- EXERCISE DETAILS:
The entries below hold a line with "Un conductor de cercanías, con mascarilla." and a line with "14k Gold 0.50". Return those lines and all that lie between them, exactly and only.

- RECORDS PROVIDED:

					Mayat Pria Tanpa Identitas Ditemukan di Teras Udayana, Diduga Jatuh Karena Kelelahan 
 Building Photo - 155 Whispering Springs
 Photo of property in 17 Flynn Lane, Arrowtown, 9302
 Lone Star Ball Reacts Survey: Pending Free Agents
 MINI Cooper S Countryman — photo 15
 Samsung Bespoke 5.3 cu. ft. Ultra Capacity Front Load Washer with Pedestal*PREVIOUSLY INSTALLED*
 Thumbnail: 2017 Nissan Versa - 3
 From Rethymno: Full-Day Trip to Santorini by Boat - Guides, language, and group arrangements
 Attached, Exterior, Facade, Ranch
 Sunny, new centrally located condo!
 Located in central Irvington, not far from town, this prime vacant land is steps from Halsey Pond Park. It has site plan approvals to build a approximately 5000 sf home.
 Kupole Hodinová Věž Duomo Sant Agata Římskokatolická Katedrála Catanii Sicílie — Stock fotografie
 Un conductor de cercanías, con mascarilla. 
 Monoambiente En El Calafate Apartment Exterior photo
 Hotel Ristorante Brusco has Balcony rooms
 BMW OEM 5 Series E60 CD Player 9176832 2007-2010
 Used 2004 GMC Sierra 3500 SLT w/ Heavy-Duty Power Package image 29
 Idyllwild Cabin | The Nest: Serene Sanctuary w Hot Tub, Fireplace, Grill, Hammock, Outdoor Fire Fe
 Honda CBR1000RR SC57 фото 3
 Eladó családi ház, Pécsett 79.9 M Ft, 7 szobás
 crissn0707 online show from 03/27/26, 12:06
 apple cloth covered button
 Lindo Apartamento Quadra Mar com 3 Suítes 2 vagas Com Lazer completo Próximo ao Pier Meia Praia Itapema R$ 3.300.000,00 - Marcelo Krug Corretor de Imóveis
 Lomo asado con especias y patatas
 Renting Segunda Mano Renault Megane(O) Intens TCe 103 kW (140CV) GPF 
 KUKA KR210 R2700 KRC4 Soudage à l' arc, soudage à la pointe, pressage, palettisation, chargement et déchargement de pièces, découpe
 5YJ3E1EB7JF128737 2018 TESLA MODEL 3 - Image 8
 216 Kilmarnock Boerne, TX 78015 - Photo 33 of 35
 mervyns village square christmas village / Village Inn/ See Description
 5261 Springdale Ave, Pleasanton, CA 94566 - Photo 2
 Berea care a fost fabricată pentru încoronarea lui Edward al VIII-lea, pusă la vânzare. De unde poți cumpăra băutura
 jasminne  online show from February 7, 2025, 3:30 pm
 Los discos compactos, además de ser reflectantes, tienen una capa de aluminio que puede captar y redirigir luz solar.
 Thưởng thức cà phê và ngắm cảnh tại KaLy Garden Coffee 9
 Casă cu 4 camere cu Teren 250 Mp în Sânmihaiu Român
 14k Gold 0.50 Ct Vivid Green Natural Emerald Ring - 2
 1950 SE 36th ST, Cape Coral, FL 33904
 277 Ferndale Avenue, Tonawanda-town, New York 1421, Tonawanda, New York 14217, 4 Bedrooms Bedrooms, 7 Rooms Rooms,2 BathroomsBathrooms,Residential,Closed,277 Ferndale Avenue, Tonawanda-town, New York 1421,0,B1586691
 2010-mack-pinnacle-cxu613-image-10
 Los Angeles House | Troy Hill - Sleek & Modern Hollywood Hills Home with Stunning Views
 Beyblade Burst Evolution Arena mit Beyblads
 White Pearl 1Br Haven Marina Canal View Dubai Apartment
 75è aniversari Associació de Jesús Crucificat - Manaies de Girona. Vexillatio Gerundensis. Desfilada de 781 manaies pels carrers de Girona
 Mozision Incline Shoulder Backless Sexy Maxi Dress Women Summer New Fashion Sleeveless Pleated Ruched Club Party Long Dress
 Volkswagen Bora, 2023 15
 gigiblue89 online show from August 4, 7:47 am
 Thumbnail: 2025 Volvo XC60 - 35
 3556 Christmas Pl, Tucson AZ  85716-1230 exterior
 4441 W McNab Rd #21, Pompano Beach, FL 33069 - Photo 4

- ANSWER TO THIS TASK:
 Un conductor de cercanías, con mascarilla. 
 Monoambiente En El Calafate Apartment Exterior photo
 Hotel Ristorante Brusco has Balcony rooms
 BMW OEM 5 Series E60 CD Player 9176832 2007-2010
 Used 2004 GMC Sierra 3500 SLT w/ Heavy-Duty Power Package image 29
 Idyllwild Cabin | The Nest: Serene Sanctuary w Hot Tub, Fireplace, Grill, Hammock, Outdoor Fire Fe
 Honda CBR1000RR SC57 фото 3
 Eladó családi ház, Pécsett 79.9 M Ft, 7 szobás
 crissn0707 online show from 03/27/26, 12:06
 apple cloth covered button
 Lindo Apartamento Quadra Mar com 3 Suítes 2 vagas Com Lazer completo Próximo ao Pier Meia Praia Itapema R$ 3.300.000,00 - Marcelo Krug Corretor de Imóveis
 Lomo asado con especias y patatas
 Renting Segunda Mano Renault Megane(O) Intens TCe 103 kW (140CV) GPF 
 KUKA KR210 R2700 KRC4 Soudage à l' arc, soudage à la pointe, pressage, palettisation, chargement et déchargement de pièces, découpe
 5YJ3E1EB7JF128737 2018 TESLA MODEL 3 - Image 8
 216 Kilmarnock Boerne, TX 78015 - Photo 33 of 35
 mervyns village square christmas village / Village Inn/ See Description
 5261 Springdale Ave, Pleasanton, CA 94566 - Photo 2
 Berea care a fost fabricată pentru încoronarea lui Edward al VIII-lea, pusă la vânzare. De unde poți cumpăra băutura
 jasminne  online show from February 7, 2025, 3:30 pm
 Los discos compactos, además de ser reflectantes, tienen una capa de aluminio que puede captar y redirigir luz solar.
 Thưởng thức cà phê và ngắm cảnh tại KaLy Garden Coffee 9
 Casă cu 4 camere cu Teren 250 Mp în Sânmihaiu Român
 14k Gold 0.50 Ct Vivid Green Natural Emerald Ring - 2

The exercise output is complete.